|Publication number||US6644149 B2|
|Application number||US 09/955,513|
|Publication date||Nov 11, 2003|
|Filing date||Sep 17, 2001|
|Priority date||Sep 17, 2001|
|Also published as||DE60234355D1, EP1427570A1, EP1427570B1, US20030051584, WO2003024669A1|
|Publication number||09955513, 955513, US 6644149 B2, US 6644149B2, US-B2-6644149, US6644149 B2, US6644149B2|
|Inventors||William Giannakakos, William Lutkus, J. Peter Ferreira|
|Original Assignee||Newfrey Llc|
|Export Citation||BiBTeX, EndNote, RefMan|
|Patent Citations (12), Referenced by (3), Classifications (9), Legal Events (9)|
|External Links: USPTO, USPTO Assignment, Espacenet|
The present invention relates to a tool for removing thread inserts. More specifically, the present invention relates to a hand tool having an offset key located therein to selectively engage a removal notch on a helical thread insert for removing the helical thread insert from a threaded bore within a parent material.
Helical thread inserts are used in many industries to provide female threads in a threaded bore located in a parent material having a relatively low hardness.
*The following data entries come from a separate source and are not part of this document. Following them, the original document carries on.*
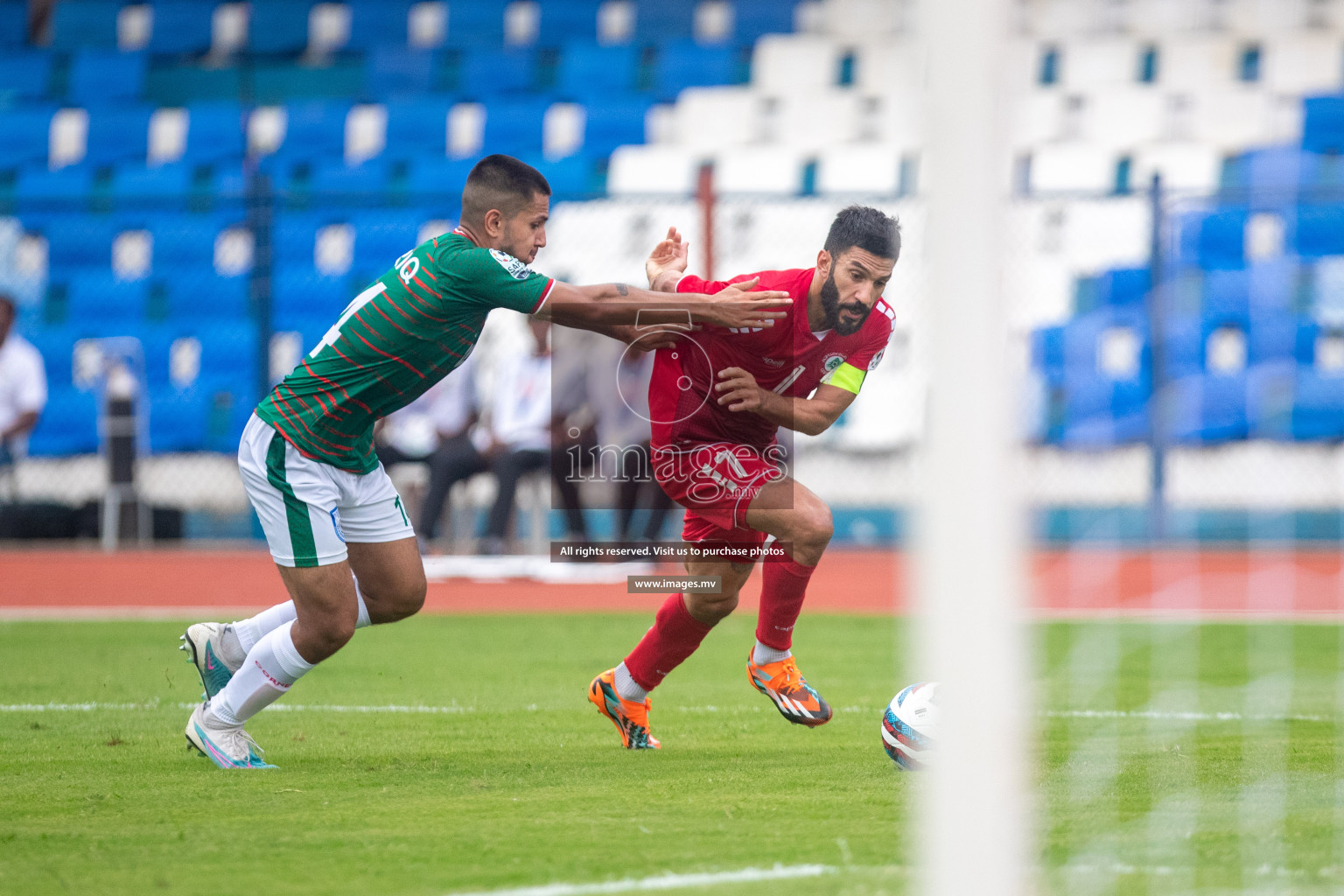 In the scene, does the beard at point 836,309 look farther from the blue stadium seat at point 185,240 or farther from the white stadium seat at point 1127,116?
the white stadium seat at point 1127,116

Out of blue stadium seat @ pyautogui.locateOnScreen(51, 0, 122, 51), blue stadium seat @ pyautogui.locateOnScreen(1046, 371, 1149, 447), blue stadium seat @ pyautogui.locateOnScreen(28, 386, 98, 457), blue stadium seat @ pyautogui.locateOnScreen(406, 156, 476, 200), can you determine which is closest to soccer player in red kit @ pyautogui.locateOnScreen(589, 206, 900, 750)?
blue stadium seat @ pyautogui.locateOnScreen(1046, 371, 1149, 447)

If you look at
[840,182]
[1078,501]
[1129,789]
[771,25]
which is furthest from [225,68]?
[1129,789]

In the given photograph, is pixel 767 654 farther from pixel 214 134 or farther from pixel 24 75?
pixel 24 75

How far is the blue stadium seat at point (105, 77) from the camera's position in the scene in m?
16.7

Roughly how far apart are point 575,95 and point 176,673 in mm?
11321

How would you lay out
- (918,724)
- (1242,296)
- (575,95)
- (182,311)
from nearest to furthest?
(918,724)
(1242,296)
(182,311)
(575,95)

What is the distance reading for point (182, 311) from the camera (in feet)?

The helical thread inserts are installed using a special tool that grasps a removable tang located at the leading end of the helical thread insert and guides the insert into the threaded bore in the parent material. The tang is then removed to provide a threaded bore having female threads with a greater hardness than the female threads formed in the original threaded bore. In the event that the helical thread inserts become worn or damaged, removal of the thread insert may be required.
In recognition of the need to remove helical thread inserts several devices have been developed. Some helical thread inserts include a pair of diametrically opposed notches formed in the last thread of the insert. The notches allow a flathead screwdriver or other tool to apply a counterclockwise torque to guide the insert out of the original threaded bore. However, the use of a flathead screwdriver or other tool may apply forces that drive the insert back into the threaded bore or expand the last thread of the insert radially outward. If the tool applies a force on the insert that pushes the insert back into the original threaded bore, removal of the thread insert is made more difficult because the desired direction of movement of the insert, out of the hole, is opposite of the force that is applied on the insert. Additionally, if the tool causes expansion of the last thread of the insert, the end of the thread may dig into the parent material causing removal of the thread insert to be more difficult and possibly damaging the parent material. In recognition, thread inserts have been developed that have chamfered and radiused edges formed around the end of the last thread to prevent the thread from digging into the parent material.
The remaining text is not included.